• TASK: From the data that follows, print exactly the lines starting at the one containing "by Edmund White" and ending at the one containing "Cenevit Zinco 1g"; include both of them and nothing more.

• DATA SHOWN:
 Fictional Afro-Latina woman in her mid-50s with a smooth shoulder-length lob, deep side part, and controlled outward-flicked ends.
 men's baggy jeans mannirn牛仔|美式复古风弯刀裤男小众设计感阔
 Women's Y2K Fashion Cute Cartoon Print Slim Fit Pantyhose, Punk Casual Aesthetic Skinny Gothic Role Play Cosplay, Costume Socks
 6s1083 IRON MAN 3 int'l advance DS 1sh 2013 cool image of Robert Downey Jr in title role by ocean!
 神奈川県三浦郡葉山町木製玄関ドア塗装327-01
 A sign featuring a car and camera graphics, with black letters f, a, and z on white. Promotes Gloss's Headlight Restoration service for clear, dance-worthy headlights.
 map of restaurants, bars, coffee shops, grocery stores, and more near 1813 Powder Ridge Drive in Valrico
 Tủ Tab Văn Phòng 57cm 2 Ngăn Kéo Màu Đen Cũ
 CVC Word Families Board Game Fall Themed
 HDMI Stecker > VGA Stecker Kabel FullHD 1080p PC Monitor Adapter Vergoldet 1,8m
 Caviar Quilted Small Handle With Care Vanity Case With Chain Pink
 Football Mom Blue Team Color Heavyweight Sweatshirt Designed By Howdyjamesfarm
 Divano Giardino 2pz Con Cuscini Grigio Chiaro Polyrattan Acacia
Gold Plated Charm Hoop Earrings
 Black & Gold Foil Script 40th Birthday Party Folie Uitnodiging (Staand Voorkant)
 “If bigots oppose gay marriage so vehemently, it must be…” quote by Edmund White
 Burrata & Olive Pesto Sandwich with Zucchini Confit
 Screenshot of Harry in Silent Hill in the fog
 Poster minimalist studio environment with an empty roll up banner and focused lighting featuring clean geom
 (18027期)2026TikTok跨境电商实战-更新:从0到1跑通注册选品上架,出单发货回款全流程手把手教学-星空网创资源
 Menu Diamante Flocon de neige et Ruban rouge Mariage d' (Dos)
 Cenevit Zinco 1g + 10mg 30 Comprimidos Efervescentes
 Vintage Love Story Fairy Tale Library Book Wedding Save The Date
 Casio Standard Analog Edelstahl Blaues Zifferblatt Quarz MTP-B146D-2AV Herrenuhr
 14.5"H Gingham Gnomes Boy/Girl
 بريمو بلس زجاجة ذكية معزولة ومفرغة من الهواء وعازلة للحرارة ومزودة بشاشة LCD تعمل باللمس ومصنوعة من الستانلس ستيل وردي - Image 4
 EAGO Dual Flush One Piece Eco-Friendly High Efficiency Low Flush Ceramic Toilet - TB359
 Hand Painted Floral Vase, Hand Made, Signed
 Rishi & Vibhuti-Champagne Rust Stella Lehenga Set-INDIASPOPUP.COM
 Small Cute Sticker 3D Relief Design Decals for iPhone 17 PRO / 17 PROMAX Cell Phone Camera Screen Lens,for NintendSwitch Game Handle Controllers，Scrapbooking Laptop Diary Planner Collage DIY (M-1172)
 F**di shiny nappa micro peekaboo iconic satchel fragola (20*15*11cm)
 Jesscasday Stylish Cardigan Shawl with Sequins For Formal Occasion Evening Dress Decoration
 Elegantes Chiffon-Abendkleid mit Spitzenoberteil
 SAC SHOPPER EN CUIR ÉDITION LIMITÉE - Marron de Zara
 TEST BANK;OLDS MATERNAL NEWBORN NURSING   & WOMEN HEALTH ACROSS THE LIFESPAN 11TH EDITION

• WRITTEN ANSWER:
 “If bigots oppose gay marriage so vehemently, it must be…” quote by Edmund White
 Burrata & Olive Pesto Sandwich with Zucchini Confit
 Screenshot of Harry in Silent Hill in the fog
 Poster minimalist studio environment with an empty roll up banner and focused lighting featuring clean geom
 (18027期)2026TikTok跨境电商实战-更新:从0到1跑通注册选品上架,出单发货回款全流程手把手教学-星空网创资源
 Menu Diamante Flocon de neige et Ruban rouge Mariage d' (Dos)
 Cenevit Zinco 1g + 10mg 30 Comprimidos Efervescentes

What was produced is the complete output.